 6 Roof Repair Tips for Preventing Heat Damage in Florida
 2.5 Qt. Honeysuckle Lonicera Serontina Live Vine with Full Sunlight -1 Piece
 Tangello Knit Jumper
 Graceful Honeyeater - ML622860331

* * *

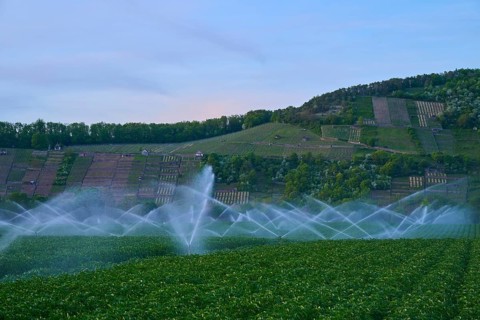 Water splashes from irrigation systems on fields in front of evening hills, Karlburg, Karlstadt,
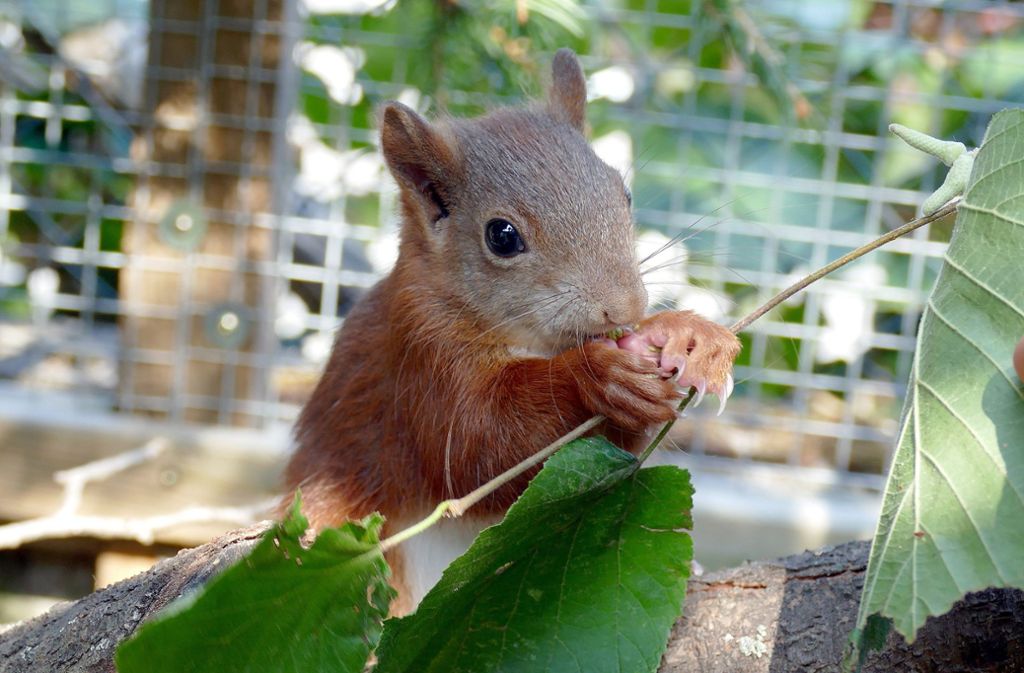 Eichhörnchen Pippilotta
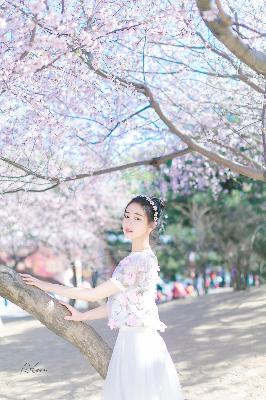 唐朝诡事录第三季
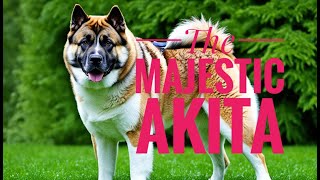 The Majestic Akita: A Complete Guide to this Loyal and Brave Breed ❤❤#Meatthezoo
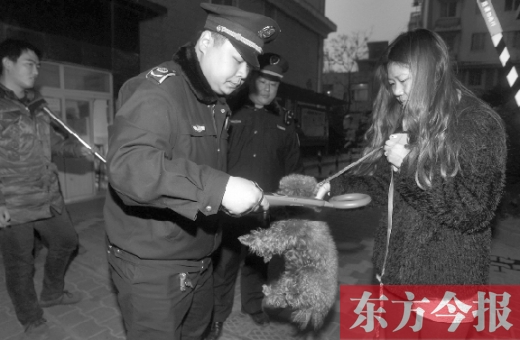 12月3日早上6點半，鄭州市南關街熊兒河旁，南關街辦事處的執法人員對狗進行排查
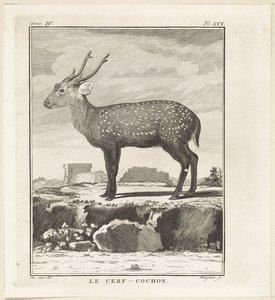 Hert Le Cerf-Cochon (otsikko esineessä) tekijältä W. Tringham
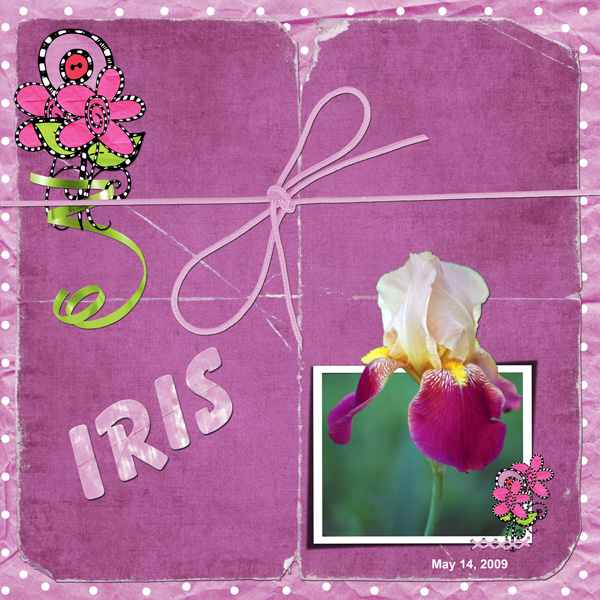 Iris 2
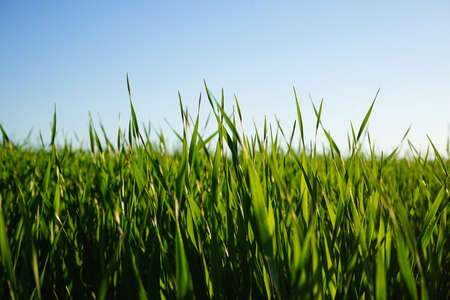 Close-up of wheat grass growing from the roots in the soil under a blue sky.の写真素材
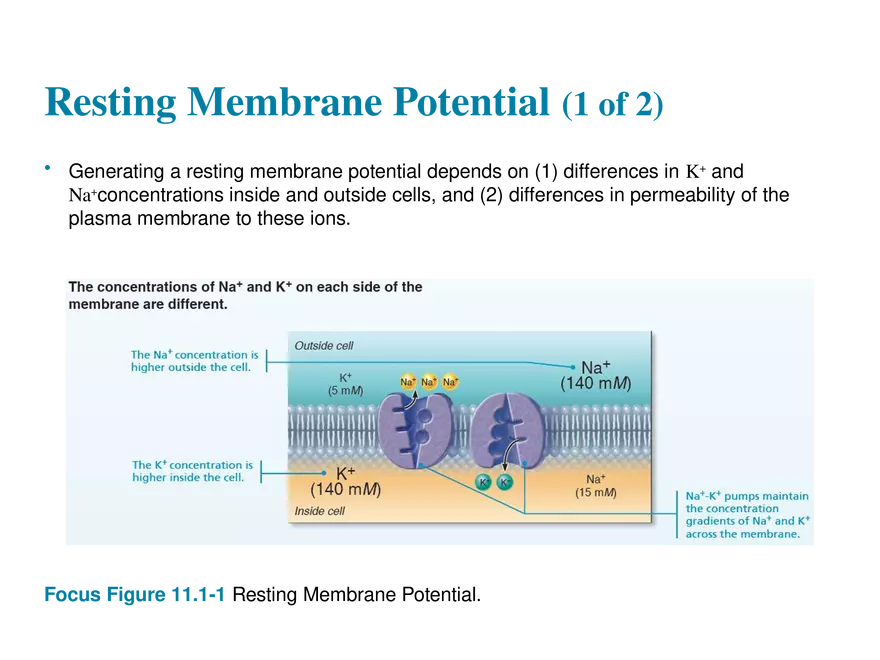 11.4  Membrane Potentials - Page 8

--- What the exercise asks ---
Above are the records; from them, give again exactly the lines from the one containing "6 Roof Repair" through the one containing "Graceful Honeyeater - ML622860331", both included.

--- Written solution ---
 6 Roof Repair Tips for Preventing Heat Damage in Florida
 2.5 Qt. Honeysuckle Lonicera Serontina Live Vine with Full Sunlight -1 Piece
 Tangello Knit Jumper
 Graceful Honeyeater - ML622860331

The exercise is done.